--- Problem to solve ---
Transcribe all of the data exactly. Omit the pictures.

--- Data section ---

**********

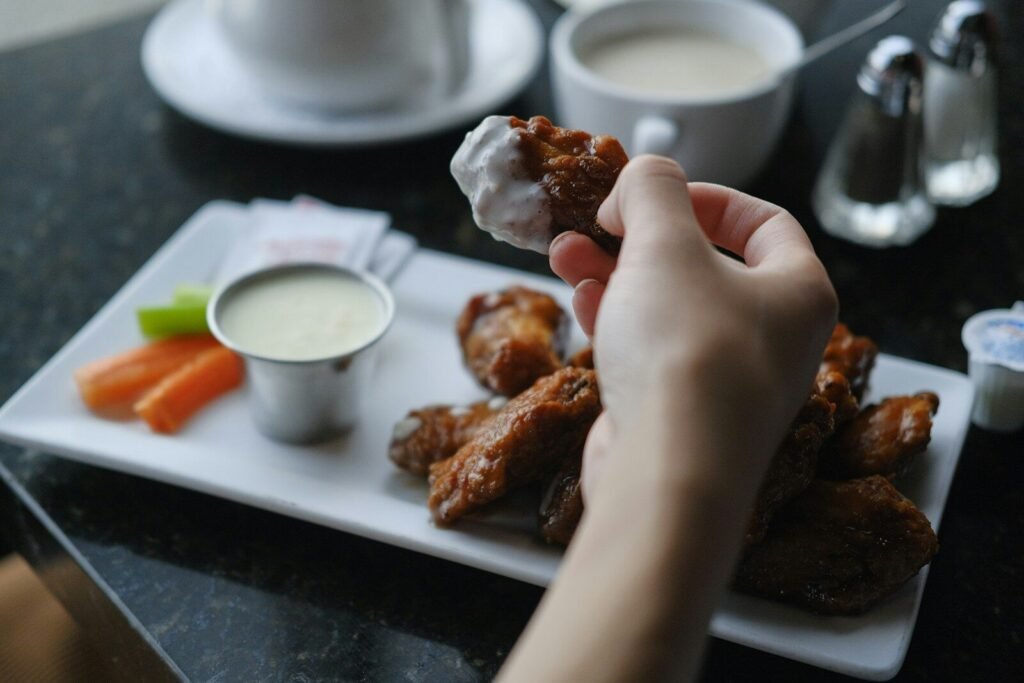 Hand dipping a buffalo chicken wing into ranch sauce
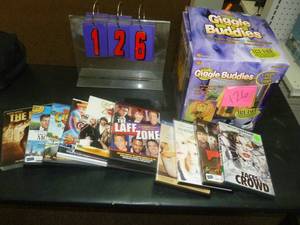 lot 126 image: 11 Dvds. & costume. As shown. SEE TERMS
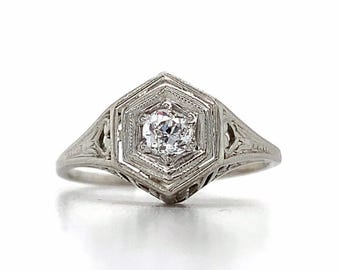 May include: A vintage white gold ring with a hexagonal setting. The ring features a central, round-cut diamond and intricate filigree detailing on the band and setting. The ring is set against a white background.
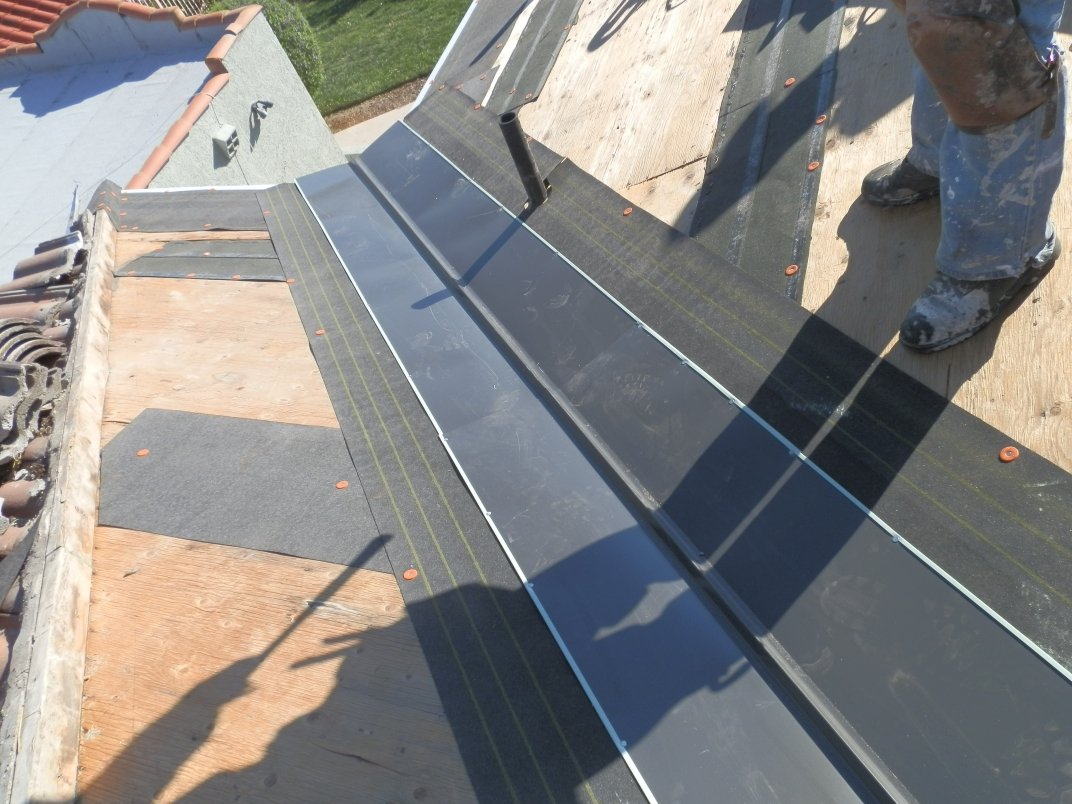 Metal-lined valley where two roof slopes meet, with underlayment on the deck.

**********

--- Response to the exercise ---
 Hand dipping a buffalo chicken wing into ranch sauce
 lot 126 image: 11 Dvds. & costume. As shown. SEE TERMS
 May include: A vintage white gold ring with a hexagonal setting. The ring features a central, round-cut diamond and intricate filigree detailing on the band and setting. The ring is set against a white background.
 Metal-lined valley where two roof slopes meet, with underlayment on the deck.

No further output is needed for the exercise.